As part of the same work, Ben-David and Santaguida’s teams also discovered that aneuploid cells show increased activity of several RNA and protein degradation pathways. They recently replicated this result in hundreds of cancer cell lines (6). Santaguida explained that aneuploid cells degrade proteins as a way to compensate for all of the extra mRNA and proteins produced as a result of having duplicated genes. “This is actually giving us a vulnerability [to target] because we are able to directly attack the main components of these pathways and try to exploit them to selectively kill them compared to diploid cells,” said Santaguida.

Drugs that attack protein degradation pathways already exist: proteasome inhibitors. But so far, they have often not succeeded in clinical trials for solid tumors. “Part of the reason that they failed is the lack of good biomarkers to stratify the patients that would respond from the patients who wouldn't respond,” said Ben-David. Their work demonstrates a possible path forward, as their paper showed that the levels of aneuploidy in multiple myeloma and pancreatic cancer cells were significantly correlated to patients’ responses to proteasome inhibitors.

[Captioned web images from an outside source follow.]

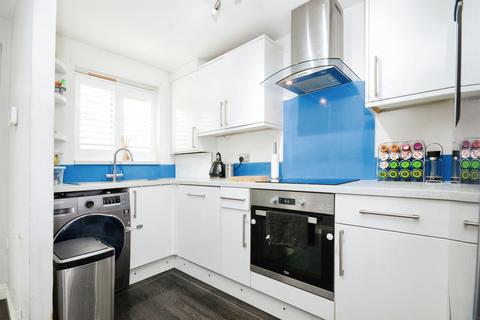 3 bedroom end of terrace house for sale, Royce Grove, Leavesden, Watford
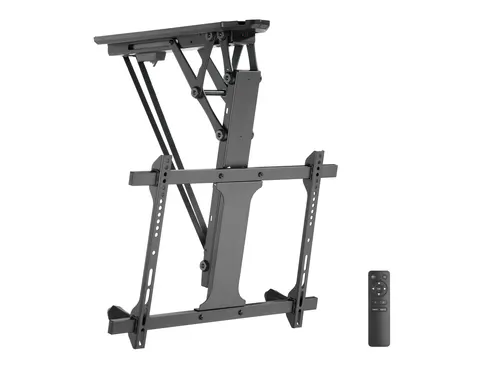 Biurko Equip model 650610 32' - 65'
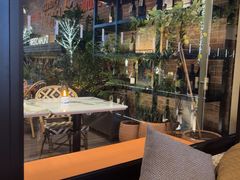 -Grande A'moo(上海万象城店)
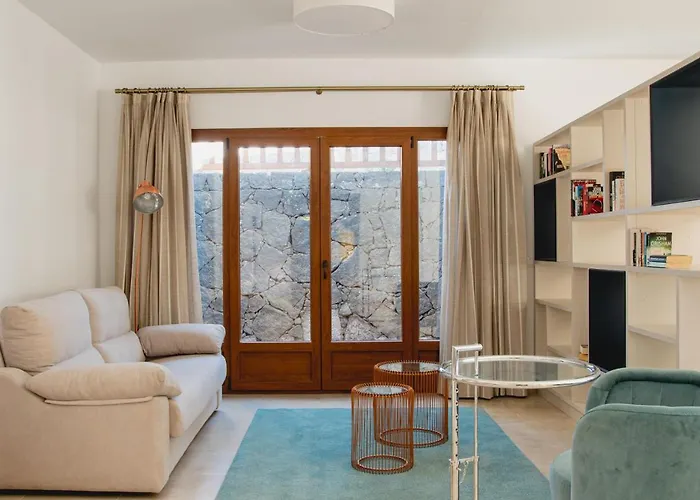 Davinci - * 플라야블랑카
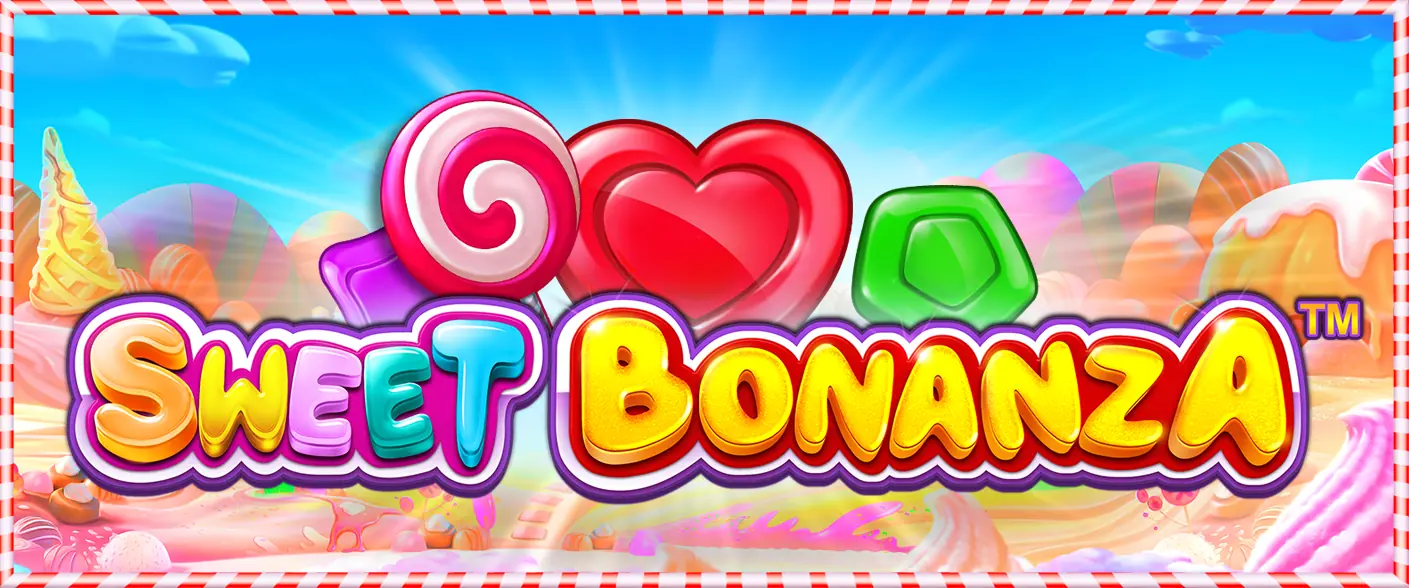 Sweet Bonanza Party casino
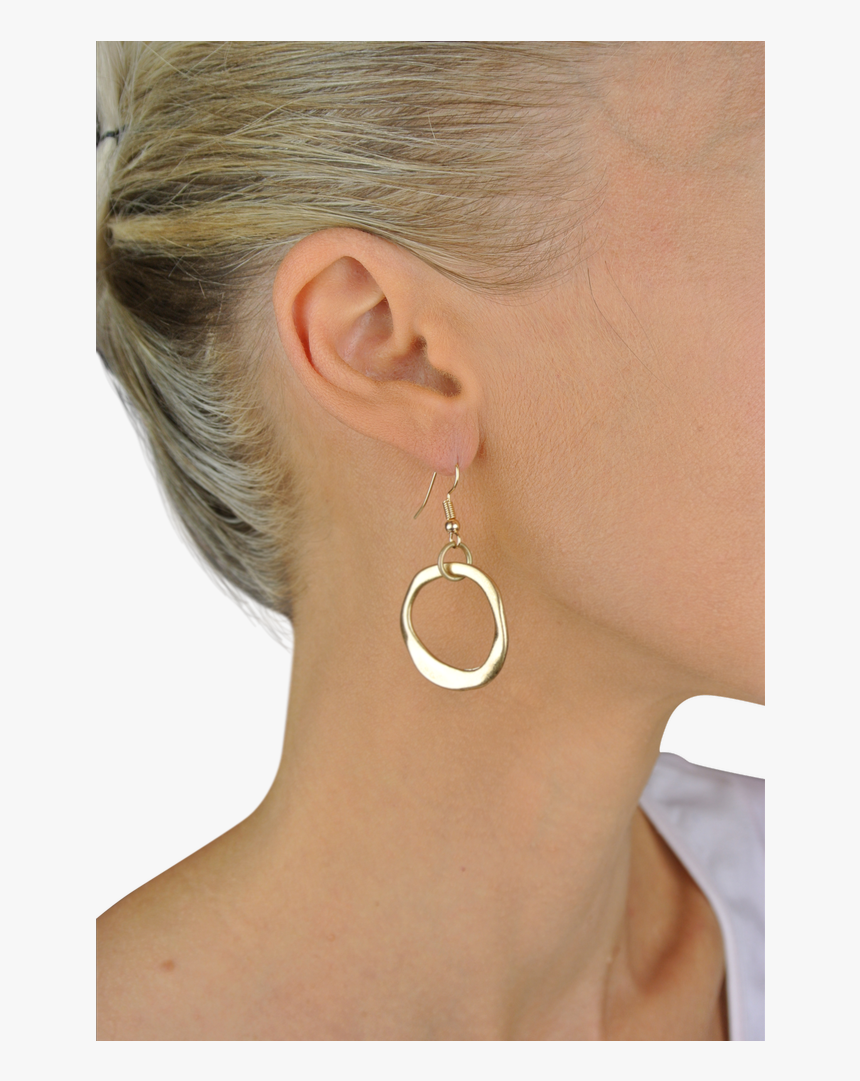 Earrings, Png Download - Earrings, Transparent Png, Free Download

There's a really nice community of people who are all really working on this and really dedicated to looking at different aspects of how to bring forward our understanding of aneuploidy’s role in cancer and how to target it therapeutically. 
– Alison Taylor, Columbia University

Ben-David and Santaguida agreed that the next steps are to translate these findings into benefits for cancer patients. Yet, Ben-David said that while it’s exciting that their research is identifying current cancer drugs that could work better in tumors with higher levels of aneuploidy, it also means it could be more difficult to attract pharmaceutical companies to pay for clinical trials with existing drugs. However, with more researchers now finally appreciating and studying the direct role of aneuploidy in driving cancer, therapeutics are closer than ever before. “There's a really nice community of people who are all really working on this and really dedicated to looking at different aspects of how to bring forward our understanding of aneuploidy’s role in cancer and how to target it therapeutically,” said Taylor.

Beroukhim added, “There's a ton of complexity in [the cancer genome] and aneuploidy is the maybe most important component of that. And we still don't really understand that, and so there's still a lot of work to do.”

References

1. Stopsack, K.H. et al.  Aneuploidy drives lethal progression in prostate cancer. Proc Natl Acad of Sci USA  116, 11390–11395 (2019).
2. Beroukhim, R. et al.  The landscape of somatic copy-number alteration across human cancers. Nature  463, 899–905 (2010).
3. Williams, B.R. & Amon, A. Aneuploidy: Cancer’s Fatal Flaw? Cancer Res  69, 5289–5291 (2009).
4. Shih, J. et al.  Cancer aneuploidies are shaped primarily by effects on tumour fitness. Nature  619, 793–800 (2023).
5. Zerbib, J. et al.  Human aneuploid cells depend on the RAF/MEK/ERK pathway for overcoming increased DNA damage. Nat Commun  15, 7772 (2024).
6. Ippolito, M.R. et al.  Increased RNA and Protein Degradation Is Required for Counteracting Transcriptional Burden and Proteotoxic Stress in Human Aneuploid Cells. Cancer Discov  14, 2532–2553 (2024).